Actually, there are major differences. Most importantly, if your credit score is not excellent, your bank loan application will be rejected. You might be able to revive it if you are able to comply with a lot of additional requirements.
So, how is it that you can get a peer-to-peer loan and not a bank loan?
Banks offer two kinds of loans: secured and unsecured. If you are applying for a small loan, typically the bank will provide an unsecured loan. The payback period is shorter and the interest is fixed.
If you need a larger loan, the bank will offer a secured loan. This means that you must put up collateral, such as property. You may also need a co-signer. This loan is also for a fixed term and the interest rate is fixed. The difference is that if you fail to make the payments, you could lose the collateral.
Peer-to-Peer Lenders are not Banks
Peer-to-Peer (P2P) lending has become one of the most successful financial technology platforms in the world. P2P lenders are creating lanes for consumers who typically have been shut out from accessing loans. These include consumers with lower credit scores, no credit scores, or no assets to leverage.
Banks are Institutions.
Consumers come for loans, the bank provides the cash. Peer-to-Peer lending is about matching people with people, as its name implies. P2P brings together consumers who need a loan with investors looking for a viable investment asset.

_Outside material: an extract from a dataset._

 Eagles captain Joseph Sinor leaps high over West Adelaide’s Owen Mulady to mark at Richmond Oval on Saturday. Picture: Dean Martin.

Banks are bricks and mortar institutions. Even if they have online banking, they still maintain a physical office. Banks have much higher overhead. P2P lenders are online. The overhead is low. These savings can be passed on to you—the consumer.
Today, just about every bank has an online presence. But the difference between a bank loan and a peer-to-peer loan is that in the case of P2P, everything is done online. Utilizing your digital device, you can apply for a P2P loan from home, on the road, at the mall, wherever you are. If you work long hours or are a night owl, no problem—P2P lending platforms are always open.

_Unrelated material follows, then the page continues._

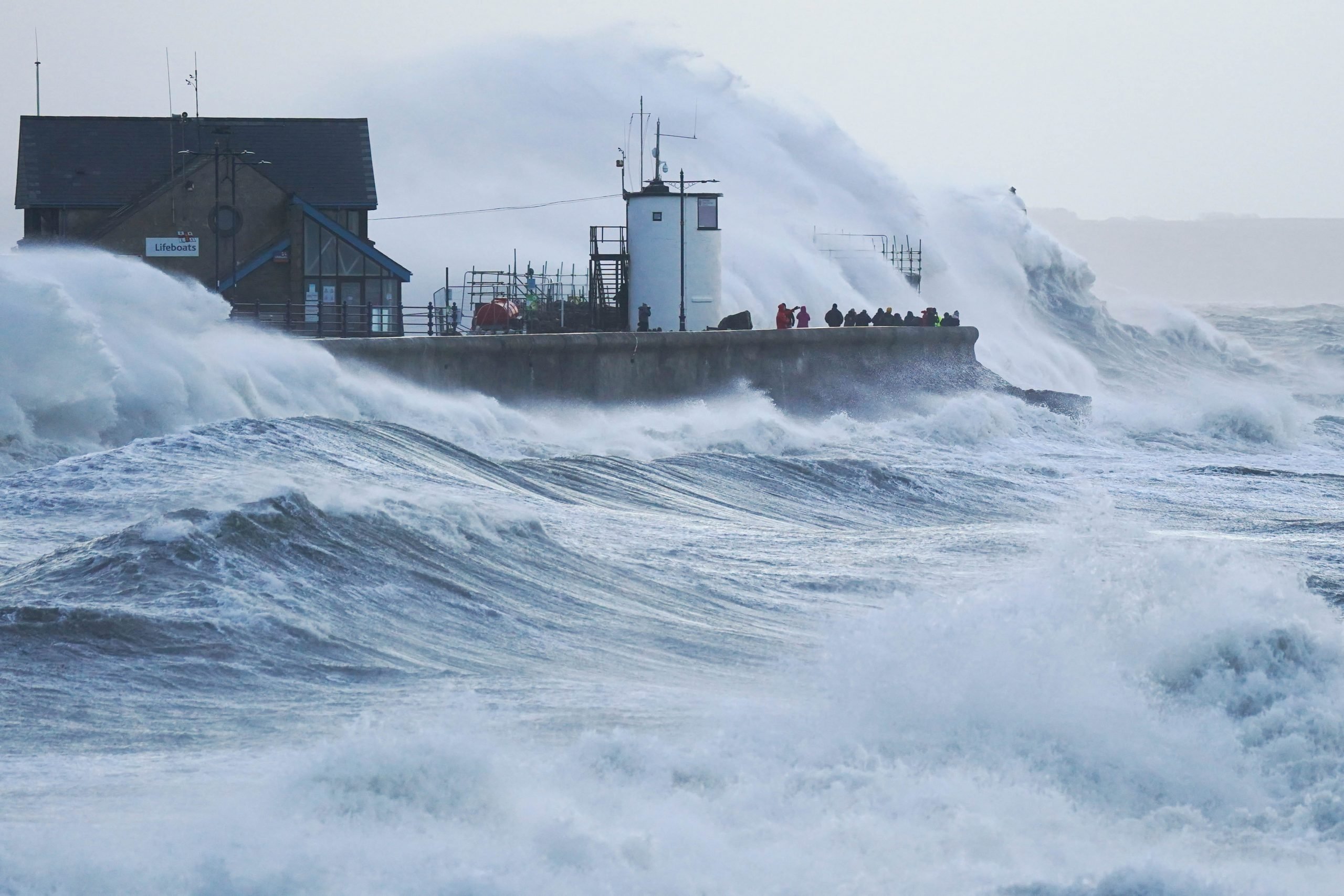 Waves crash against the sea wall and Porthcawl Lighthouse in Porthcawl, Bridgend, Wales, as Storm Eunice hits the south coast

Banks have operating hours. Even if you complete the bank’s online application, you still need to go in to meet with a loan officer. This requires time out of your day. The waiting period from start to finish is much longer. Even after approval, it can still take some time before you actually have the money.

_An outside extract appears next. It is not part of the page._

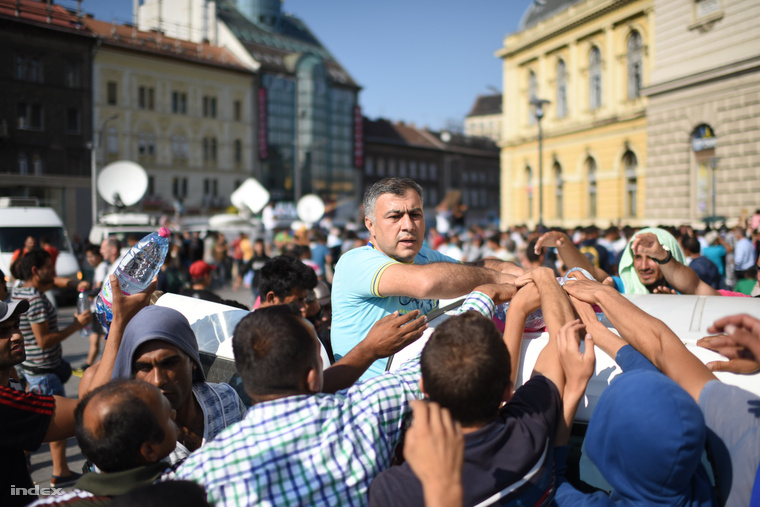 Ásványvizet osztanak a menekülteknek a pályaudvar főbejárata előtt.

The P2P application process is online and can be accomplished quickly. You get an answer right away and if approved, you have the funds in your account in time for you to use them toward your financial goal. If, for example, you need a debt consolidation loan, home improvement loan or wedding loan, a P2P lender is definitely going to be the better choice.
Another major difference between a bank loan and a peer-to-peer loan is the criteria used to determine your creditworthiness.
Banks pull your credit report and they look at your previous history with the bank, i.e, prior loans, lines of credits, the status of your checking and/or savings account. When the bank begins the process of determining your eligibility and pulls your credit report, it counts as a “hard inquiry,” which cause a slight drop in your credit score.
Peer-to-peer lenders utilize a combination of factors which run through unique algorithms that determine creditworthiness. The algorithm processes other information about you in addition to your credit score. P2P lenders will also pull your credit score, but at the beginning of the process it is considered a “soft inquiry.” Your credit score will not be impacted.
Peer-to-peer lenders in underbanked communities have developed even more radical algorithms for determining if the applicant is a credit risk. Some are looking at financial activity that does not necessarily show up in a credit score, including employment and social media activities.
What’s the difference between a bank loan and a peer-to-peer loan?
Plenty. In addition to helping you pay for what you need, a P2P loan will improve your credit score. The automatic payments mean you are never late!